Anyhoo, I came across a couple interesting passages last night that freely acknowledged how they used certain media personalities to get their message out.
1) When the Secretary of Transportation wanted to restrict Japanese auto imports--a big no-no in Stockman's absolute free market:
"Going to war" meant it was time to call Bob Novak, the Prince of Darkness. The Evans and Novak syndicated column was a kind of supply-side dartboard. You could use it to stick somebody in the forehead fast, if you had to. So after my 8:00 a.m. breafast at the Hay-Adams with Greider, I had a second (lighter) breakfast at nine with Novak.

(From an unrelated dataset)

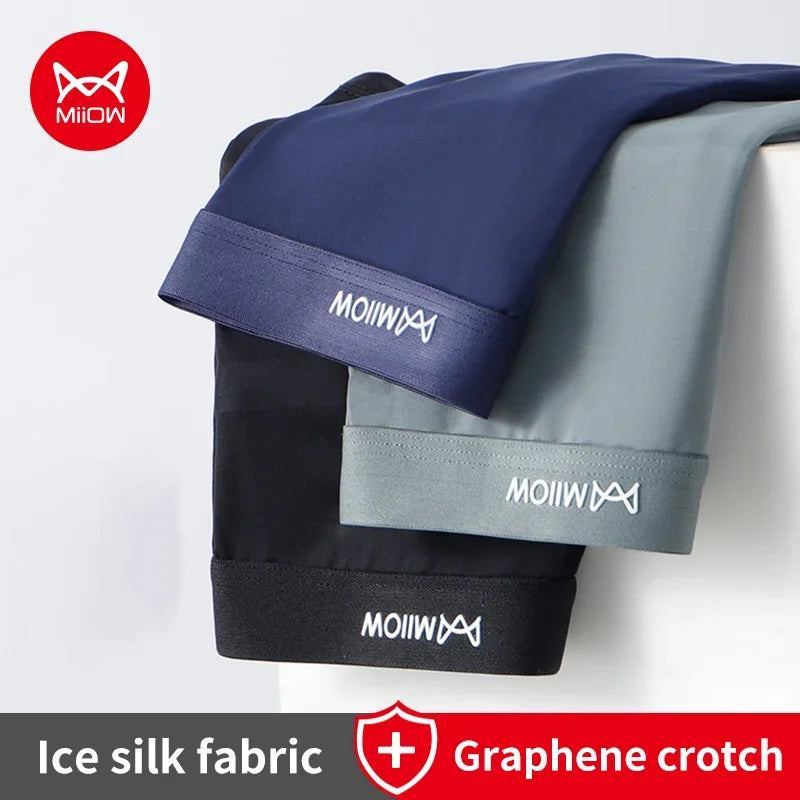 MiiOW 3Pcs Summer Thin Ice Silk Men Boxershorts Graphene Antibacterial Man Underwear Breathable Cool Men's Panties Boxershorts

What resulted was a column which appeared in hundreds of papers across the nation saying that the administration was going astray on a fundamentaly supply-side principle because the Secretary of Transportation's chief advisor was a leftover Carterite.
2) When Sen. Pete Domenici was not playing the game they wanted him to play:
So, I posted a message on the Bob Novak bulletin board and had a little conversation with my friend Bob Bartley, editorial page editor of The Wall Street Journal. The next day there appeared on that gray, dignified page a searing editorial entitled "John Maynard Domenici."
It accused the Senate Budget Chairman of single-handedly attempting to destroy the Reagan Revolution out of a benighted affection for the failed Keynesian policies of the now medieval past. Domenici was alarmed by the jeremiad. His staff immediately produced a lengthy letter to the editor "proving" that the Senate Budget Chairman was not, in fact, a Keynesiean deviant. My missile had hit its mark.
Yeah, we've got a free press. A fully bought and paid for free press.